#### [TASK STATEMENT]
Only the lines from the one with "DIY mosquito net" through the end of the material are wanted, copied exactly and with the pictures left out.

#### [COLLECTED DATA]
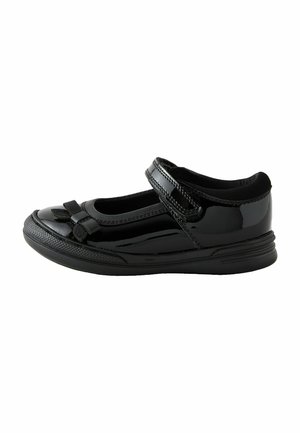 Chaussure Mary Jane en vernis noir avec un bout arrondi, une bride sur le pied et un nœud décoratif sur le devant ; semelle en caoutchouc texturé.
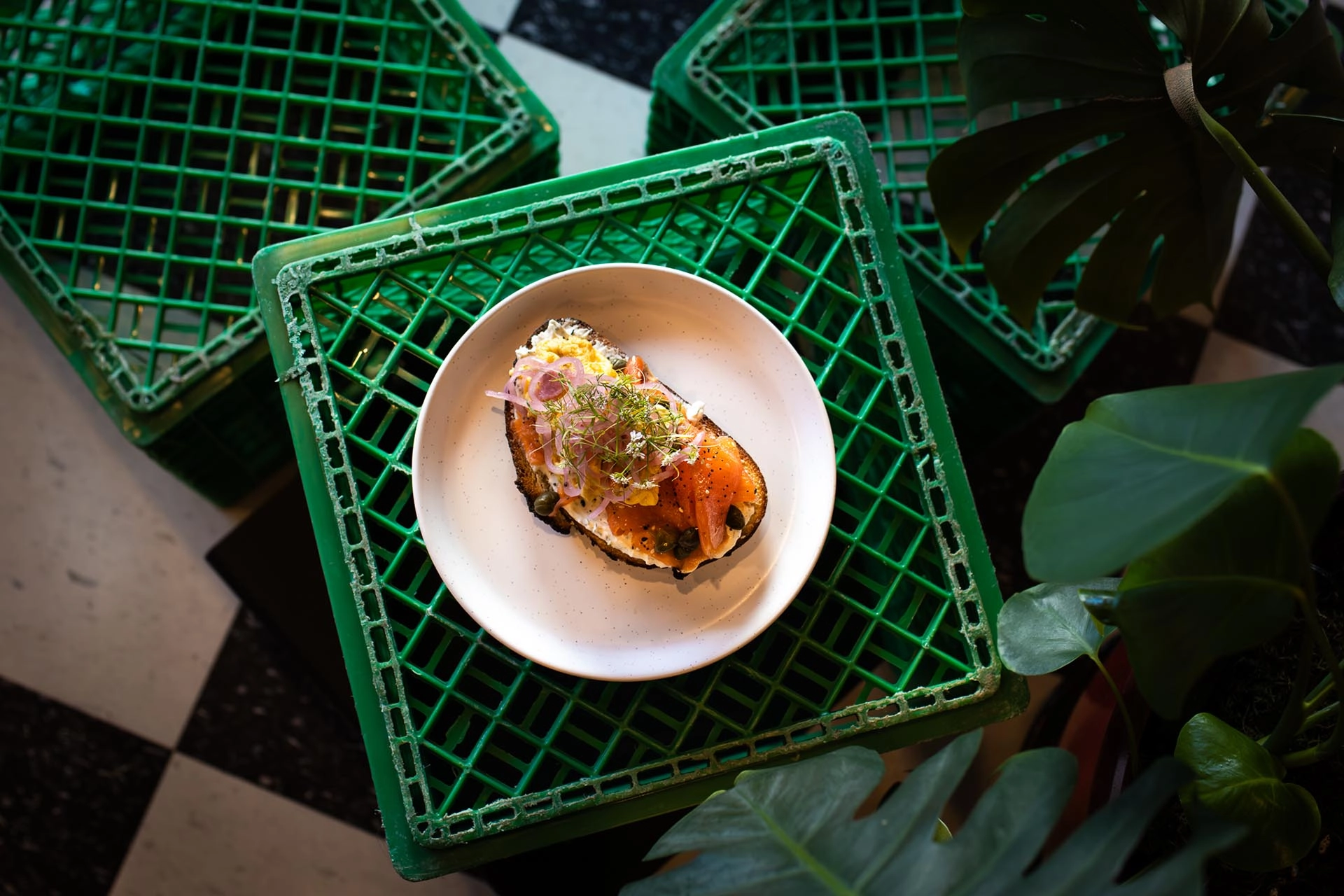 Salmon toast on green crate.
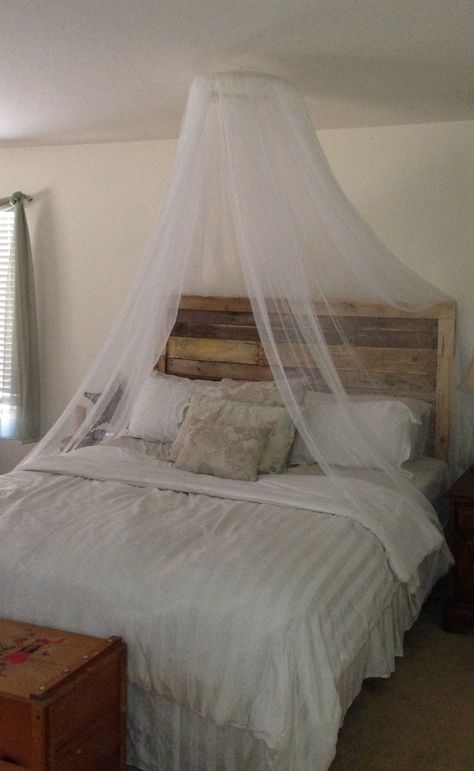 DIY mosquito net canopy.  18" embroidery hoop and 4 110"x 98" Lill sheers from IKEA ($5.00 for a pair).  Tie a ribbon, or string, across from one side to the other then hang from ceiling with a self screwing hook.  Cheap and easy romance!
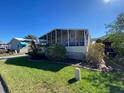 Mobile home features a screened porch and spacious yard at 4851 W Gandy Blvd # 5Pa, Tampa, FL 33611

#### [EXPECTED OUTPUT]
 DIY mosquito net canopy.  18" embroidery hoop and 4 110"x 98" Lill sheers from IKEA ($5.00 for a pair).  Tie a ribbon, or string, across from one side to the other then hang from ceiling with a self screwing hook.  Cheap and easy romance!
 Mobile home features a screened porch and spacious yard at 4851 W Gandy Blvd # 5Pa, Tampa, FL 33611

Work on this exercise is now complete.